Kontrol Technologies Corp. a leader in smart buildings and cities through IoT, Cloud and SaaS technology, provided financial results for the three months and nine months ended September 30th, 2022. A complete set of the Financial Statements and Management's Discussion & Analysis have been filed on SEDAR (www.sedar.com).
Third Quarter and Year-to-Date 2022 Highlights
• Revenues for the three months ended September 30, 2022, were $19.9 million, down 7.5% over the same quarter in the prior year
• Revenues for the nine months ended September 30, 2022, were $75.6 million, up 161% over the same period in the prior year
• The Company suffered a net loss of $(5.2 million) for the three months ended September 30, 2022
• Net loss for the nine months ended September 30, 2022, was $(2.4 million), compared to net income of $1.4 million for the same period in the prior year
• Adjusted EBITDA* loss for the three months ended September 30, 2022, was $(4.0 million)
• Adjusted EBITDA* for the nine months ended September 30, 2022, was $545,029, compared to adjusted EBITDA* of $5.0 million for the same period in the prior year
• Gross profit for the nine months ended September 30, 2022, was $12.7 million, compared to $10.0 million over the same period in the prior year
“This was a very challenging quarter, and we were impacted by a number of economic factors simultaneously, including tight labor markets, supply chain issues, lack of required materials and ongoing material shortages,” says Paul Ghezzi, CEO of Kontrol Technologies. “While our commercial and industrial service and solutions business performed in line with expectations, our operating subsidiary Global HVAC and Automation was most severely impacted. Adding to the overall market conditions the rapid rise in interest has created volatility for new construction opportunities in the multi-residential sector.”

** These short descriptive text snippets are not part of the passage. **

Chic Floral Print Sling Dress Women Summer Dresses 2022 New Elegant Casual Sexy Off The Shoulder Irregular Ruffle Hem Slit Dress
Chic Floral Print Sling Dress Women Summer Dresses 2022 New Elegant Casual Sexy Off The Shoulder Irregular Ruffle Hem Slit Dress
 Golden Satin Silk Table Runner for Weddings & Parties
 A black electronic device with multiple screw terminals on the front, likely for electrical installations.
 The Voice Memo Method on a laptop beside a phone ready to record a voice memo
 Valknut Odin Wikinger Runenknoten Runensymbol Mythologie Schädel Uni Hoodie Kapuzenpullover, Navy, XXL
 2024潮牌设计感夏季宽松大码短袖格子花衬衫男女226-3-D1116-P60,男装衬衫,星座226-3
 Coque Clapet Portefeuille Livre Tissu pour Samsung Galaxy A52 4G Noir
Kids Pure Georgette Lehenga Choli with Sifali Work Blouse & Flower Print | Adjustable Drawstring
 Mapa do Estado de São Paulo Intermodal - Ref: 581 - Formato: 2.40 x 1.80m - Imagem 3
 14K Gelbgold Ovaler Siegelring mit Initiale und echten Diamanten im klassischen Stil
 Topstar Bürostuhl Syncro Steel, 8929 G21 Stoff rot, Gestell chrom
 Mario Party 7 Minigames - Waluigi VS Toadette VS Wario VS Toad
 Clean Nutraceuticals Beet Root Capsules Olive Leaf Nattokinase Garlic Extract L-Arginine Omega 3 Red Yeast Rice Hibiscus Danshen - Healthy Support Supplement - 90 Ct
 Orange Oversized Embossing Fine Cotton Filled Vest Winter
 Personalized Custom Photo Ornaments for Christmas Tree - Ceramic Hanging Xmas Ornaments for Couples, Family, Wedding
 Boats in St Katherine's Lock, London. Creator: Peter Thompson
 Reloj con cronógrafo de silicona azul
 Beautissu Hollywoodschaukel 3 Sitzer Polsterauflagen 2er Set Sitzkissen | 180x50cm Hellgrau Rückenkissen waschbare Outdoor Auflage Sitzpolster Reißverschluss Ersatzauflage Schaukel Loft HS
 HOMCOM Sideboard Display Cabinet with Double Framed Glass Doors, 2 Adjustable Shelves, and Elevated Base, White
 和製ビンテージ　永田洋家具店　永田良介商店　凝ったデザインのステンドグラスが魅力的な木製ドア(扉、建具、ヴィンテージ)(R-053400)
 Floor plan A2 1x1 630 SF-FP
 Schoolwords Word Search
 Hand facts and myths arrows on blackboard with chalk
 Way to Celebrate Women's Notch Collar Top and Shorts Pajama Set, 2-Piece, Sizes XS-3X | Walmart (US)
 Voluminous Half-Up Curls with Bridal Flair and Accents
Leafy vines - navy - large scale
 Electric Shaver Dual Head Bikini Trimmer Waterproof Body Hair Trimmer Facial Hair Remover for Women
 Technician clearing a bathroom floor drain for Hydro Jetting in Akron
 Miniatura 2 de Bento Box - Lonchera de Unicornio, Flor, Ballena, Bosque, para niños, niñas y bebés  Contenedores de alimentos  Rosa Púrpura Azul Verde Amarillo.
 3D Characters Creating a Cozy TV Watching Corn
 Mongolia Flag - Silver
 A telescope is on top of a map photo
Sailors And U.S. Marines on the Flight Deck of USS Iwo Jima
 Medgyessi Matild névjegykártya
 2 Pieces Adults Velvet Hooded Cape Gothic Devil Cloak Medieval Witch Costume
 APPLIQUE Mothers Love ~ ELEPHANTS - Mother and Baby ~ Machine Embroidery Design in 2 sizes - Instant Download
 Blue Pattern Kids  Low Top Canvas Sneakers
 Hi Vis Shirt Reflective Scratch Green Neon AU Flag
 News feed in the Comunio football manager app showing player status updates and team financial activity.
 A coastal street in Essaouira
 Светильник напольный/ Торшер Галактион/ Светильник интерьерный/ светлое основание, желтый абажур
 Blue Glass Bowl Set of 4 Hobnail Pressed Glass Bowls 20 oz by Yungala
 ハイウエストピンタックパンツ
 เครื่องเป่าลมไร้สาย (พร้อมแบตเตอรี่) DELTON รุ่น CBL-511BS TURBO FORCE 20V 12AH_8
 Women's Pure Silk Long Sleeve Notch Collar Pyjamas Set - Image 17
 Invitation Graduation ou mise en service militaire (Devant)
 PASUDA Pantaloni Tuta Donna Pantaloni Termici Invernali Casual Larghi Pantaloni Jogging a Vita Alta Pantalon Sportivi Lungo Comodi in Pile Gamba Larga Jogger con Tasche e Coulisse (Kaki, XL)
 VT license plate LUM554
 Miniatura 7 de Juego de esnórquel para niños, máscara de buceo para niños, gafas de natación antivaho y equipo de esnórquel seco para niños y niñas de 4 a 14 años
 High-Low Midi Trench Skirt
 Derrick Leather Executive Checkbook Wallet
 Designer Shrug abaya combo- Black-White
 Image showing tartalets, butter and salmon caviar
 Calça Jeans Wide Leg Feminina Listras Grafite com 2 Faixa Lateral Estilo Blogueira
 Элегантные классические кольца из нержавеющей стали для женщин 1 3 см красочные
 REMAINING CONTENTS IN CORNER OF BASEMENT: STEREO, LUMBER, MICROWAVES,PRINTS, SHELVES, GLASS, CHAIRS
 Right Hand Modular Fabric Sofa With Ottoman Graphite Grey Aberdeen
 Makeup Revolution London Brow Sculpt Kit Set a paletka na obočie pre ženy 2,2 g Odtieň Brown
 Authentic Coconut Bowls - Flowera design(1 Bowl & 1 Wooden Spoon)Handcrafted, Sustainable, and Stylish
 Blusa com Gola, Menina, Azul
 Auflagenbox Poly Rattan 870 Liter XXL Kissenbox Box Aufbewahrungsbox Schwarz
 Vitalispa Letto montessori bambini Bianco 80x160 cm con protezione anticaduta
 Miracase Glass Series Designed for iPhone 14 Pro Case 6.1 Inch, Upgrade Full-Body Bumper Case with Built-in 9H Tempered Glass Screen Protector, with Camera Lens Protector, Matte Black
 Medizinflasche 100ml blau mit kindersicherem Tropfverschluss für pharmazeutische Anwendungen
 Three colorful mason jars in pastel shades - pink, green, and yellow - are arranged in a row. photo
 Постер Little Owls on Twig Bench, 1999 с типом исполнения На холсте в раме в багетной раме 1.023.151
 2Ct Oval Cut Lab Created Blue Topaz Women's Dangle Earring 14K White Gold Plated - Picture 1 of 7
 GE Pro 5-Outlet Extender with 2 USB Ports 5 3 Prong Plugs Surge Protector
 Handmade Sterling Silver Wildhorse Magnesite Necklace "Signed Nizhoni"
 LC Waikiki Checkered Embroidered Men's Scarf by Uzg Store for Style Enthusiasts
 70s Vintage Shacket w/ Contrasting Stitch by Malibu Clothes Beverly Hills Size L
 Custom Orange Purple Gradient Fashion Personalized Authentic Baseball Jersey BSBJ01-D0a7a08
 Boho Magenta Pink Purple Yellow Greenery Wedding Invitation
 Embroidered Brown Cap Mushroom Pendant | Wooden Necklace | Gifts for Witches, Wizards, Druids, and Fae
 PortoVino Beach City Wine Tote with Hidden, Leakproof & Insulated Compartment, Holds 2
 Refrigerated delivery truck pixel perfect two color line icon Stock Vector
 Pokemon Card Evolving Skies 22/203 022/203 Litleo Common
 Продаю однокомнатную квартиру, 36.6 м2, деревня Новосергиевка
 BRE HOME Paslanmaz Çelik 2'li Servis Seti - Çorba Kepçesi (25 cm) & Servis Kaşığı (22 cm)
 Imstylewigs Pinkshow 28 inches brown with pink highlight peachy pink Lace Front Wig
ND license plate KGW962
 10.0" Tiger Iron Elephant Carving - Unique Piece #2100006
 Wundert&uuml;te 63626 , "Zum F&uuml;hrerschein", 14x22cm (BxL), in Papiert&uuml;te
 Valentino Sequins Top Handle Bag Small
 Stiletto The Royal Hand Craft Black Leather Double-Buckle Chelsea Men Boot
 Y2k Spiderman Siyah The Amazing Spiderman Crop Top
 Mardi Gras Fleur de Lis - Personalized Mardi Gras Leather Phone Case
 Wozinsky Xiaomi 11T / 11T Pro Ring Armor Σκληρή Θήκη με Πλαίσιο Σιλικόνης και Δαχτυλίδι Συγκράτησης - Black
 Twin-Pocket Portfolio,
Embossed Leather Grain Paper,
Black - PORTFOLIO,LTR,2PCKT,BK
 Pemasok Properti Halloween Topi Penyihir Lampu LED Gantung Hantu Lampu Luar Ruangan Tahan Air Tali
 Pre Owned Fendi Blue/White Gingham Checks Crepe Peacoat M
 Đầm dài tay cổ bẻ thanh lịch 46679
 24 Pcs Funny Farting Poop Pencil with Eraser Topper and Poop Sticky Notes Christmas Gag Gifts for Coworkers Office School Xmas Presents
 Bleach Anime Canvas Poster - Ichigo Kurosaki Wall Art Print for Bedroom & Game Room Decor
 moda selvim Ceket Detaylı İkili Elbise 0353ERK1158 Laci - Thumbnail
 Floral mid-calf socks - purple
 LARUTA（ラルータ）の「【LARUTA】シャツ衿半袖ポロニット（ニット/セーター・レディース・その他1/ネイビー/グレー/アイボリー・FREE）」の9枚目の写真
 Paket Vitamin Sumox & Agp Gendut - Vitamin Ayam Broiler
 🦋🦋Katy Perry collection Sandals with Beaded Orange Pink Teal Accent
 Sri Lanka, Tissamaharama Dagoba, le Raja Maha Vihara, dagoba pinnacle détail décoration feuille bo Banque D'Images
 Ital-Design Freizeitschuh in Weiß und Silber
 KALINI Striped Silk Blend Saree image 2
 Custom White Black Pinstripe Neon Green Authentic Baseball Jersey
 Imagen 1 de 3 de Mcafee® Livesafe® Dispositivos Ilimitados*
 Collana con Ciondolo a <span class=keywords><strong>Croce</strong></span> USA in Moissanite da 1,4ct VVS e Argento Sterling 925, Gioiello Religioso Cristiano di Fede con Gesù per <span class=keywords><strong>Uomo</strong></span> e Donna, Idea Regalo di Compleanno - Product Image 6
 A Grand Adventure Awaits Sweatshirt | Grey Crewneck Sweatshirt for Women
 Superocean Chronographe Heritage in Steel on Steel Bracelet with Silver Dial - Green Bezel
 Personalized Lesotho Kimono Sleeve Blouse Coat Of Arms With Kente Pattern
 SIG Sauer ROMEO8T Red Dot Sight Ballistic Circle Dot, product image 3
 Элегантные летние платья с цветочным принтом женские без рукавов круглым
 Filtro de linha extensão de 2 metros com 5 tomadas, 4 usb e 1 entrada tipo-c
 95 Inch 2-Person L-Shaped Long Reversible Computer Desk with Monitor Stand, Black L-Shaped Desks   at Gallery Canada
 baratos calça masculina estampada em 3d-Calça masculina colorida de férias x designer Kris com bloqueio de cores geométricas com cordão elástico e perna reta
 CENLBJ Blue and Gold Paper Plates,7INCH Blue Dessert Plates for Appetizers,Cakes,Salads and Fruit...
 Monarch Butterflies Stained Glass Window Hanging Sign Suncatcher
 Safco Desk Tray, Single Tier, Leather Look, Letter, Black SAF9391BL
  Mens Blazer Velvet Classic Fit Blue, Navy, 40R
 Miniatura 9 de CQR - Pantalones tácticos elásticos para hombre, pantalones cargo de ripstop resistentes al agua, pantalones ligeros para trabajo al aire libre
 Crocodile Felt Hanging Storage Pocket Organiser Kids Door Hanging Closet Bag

Corporate Financial Outlook
Kontrol provided guidance for fiscal year 2022 in our press release of November 17, 2021, which included a revenue estimate for the fiscal year 2022 of $95 million to $105 million. Revenue for the nine months ended September 30, 2022 was $75.6 million, and therefore lower than the amount previously estimated. That press release also included an EBITDA estimate for the fiscal year 2022 of $10 million to $12 million, while the actual adjusted EBITDA for the nine months ended September 30, 2022 was $545,029.
We now expect that fiscal year 2022 targets will not be met. The expected miss is primarily related to the acquisition of Global HVAC and Automation (“Global”). Global’s large-scale HVAC operation is focussed primarily on the high growth multi-residential and condominium market. During Q3 2022 Global was significantly impacted by COVID disruptions, material shortages, supply chain disruptions and wage inflation. Collectively, these impacts caused a significant reduction in EBITDA and net income.
A number of factors contributed to a reduction in revenue and earnings:
• As certain key construction projects neared completion, additional labour expenses were required and at higher rates due to overtime and hourly wage increases
• Material shortages, supply chain disruptions, and increases in material costs have impacted overall costs and margins
• The ongoing shutdowns related to COVID in China have added to supply chain disruptions have impacted the delivery of various HVAC equipment
• In prior periods the Company was successful at working with some customers to get extra revenue related to material and labour increases. However, in the third quarter the Company was not able to secure offsetting revenue from every customer
• The unprecedented rise in interest rates due to central bank tightening of monetary policy has impacted the ability to secure new projects in the multi-residential sector. This has caused a delay in the initiation of new projects that were previously anticipated.
As at September 30, 2022, the Company was not in compliance with certain financial covenants in its existing credit facilities, which include the Company’s revolving credit facility and term facility. As a result, the Company’s term loan has been classified as a current liability at September 30, 2022. The Company is in discussions with the relevant financial institution to request a waiver with respect to the breached covenants but has not yet received written confirmation that such waiver will be granted.